Voſtre cœur ayme-t’il ceux que voſtre bras hait,
Contre qui tous les jours vous ſuez ſous l’armet ?
Et comment voulez-vous que de bon œil je voye
L’homicide d’Hector, & l’ennemy de Troye ?
Ha triſte ſouvenir de mes derniers mal-heurs !
Las ! eſteignez vos feux, laiſſez couler mes pleurs.

Achille.

Faut-il qu’à ſes grands maux mon foible eſprit reſiſte ?
Que le plus affligé conſole le moins triſte !
Ne mouillez plus vos yeux mes aymables vainqueurs,
N’eſteignez-pas ainſi le beau bucher des cœurs ;
Adorable Princeſſe, en mon ardeur extreſme,
Helas vous fay-je tort de dire, je vous ayme ?
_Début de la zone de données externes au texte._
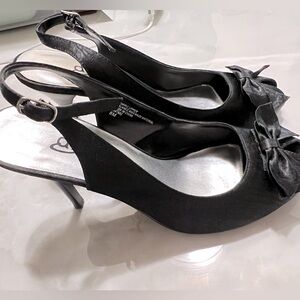 Black Diba Bonita II Peeptoe Satin Heels with Bow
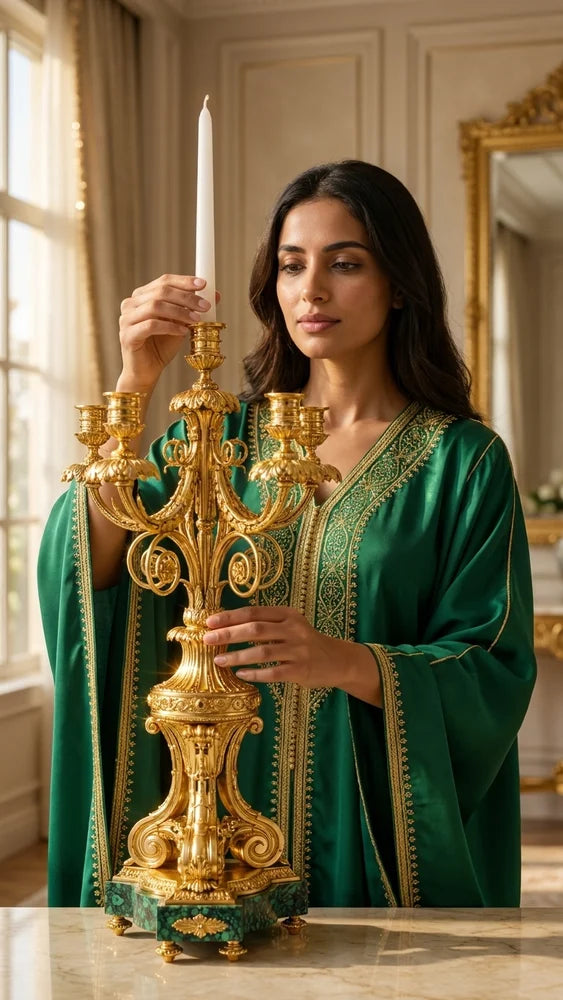 Royal Malachite & Bronze-Plated Candlestick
Un ennemy mourant offence-t’il beaucoup,
S’il dit à ſon vainqueur, voy ma playe, & ton coup ?
Blaſmez, ſi je vous ayme avecque violence,
Voſtre commandement, non pas mon inſolence,
Ne m’avez-vous pas dit me demandant Hector,
Pour vous fleſchir mes pleurs peuvent couler encor ?
Perdez cette rigueur où peu de gloire brille,
Et qu’Achille une fois ſoit vaincu d’une fille.
Euſſay-je apres cela combatu vos appas ?
Souffrés que j’obeïſſe ; ou ne commandés pas.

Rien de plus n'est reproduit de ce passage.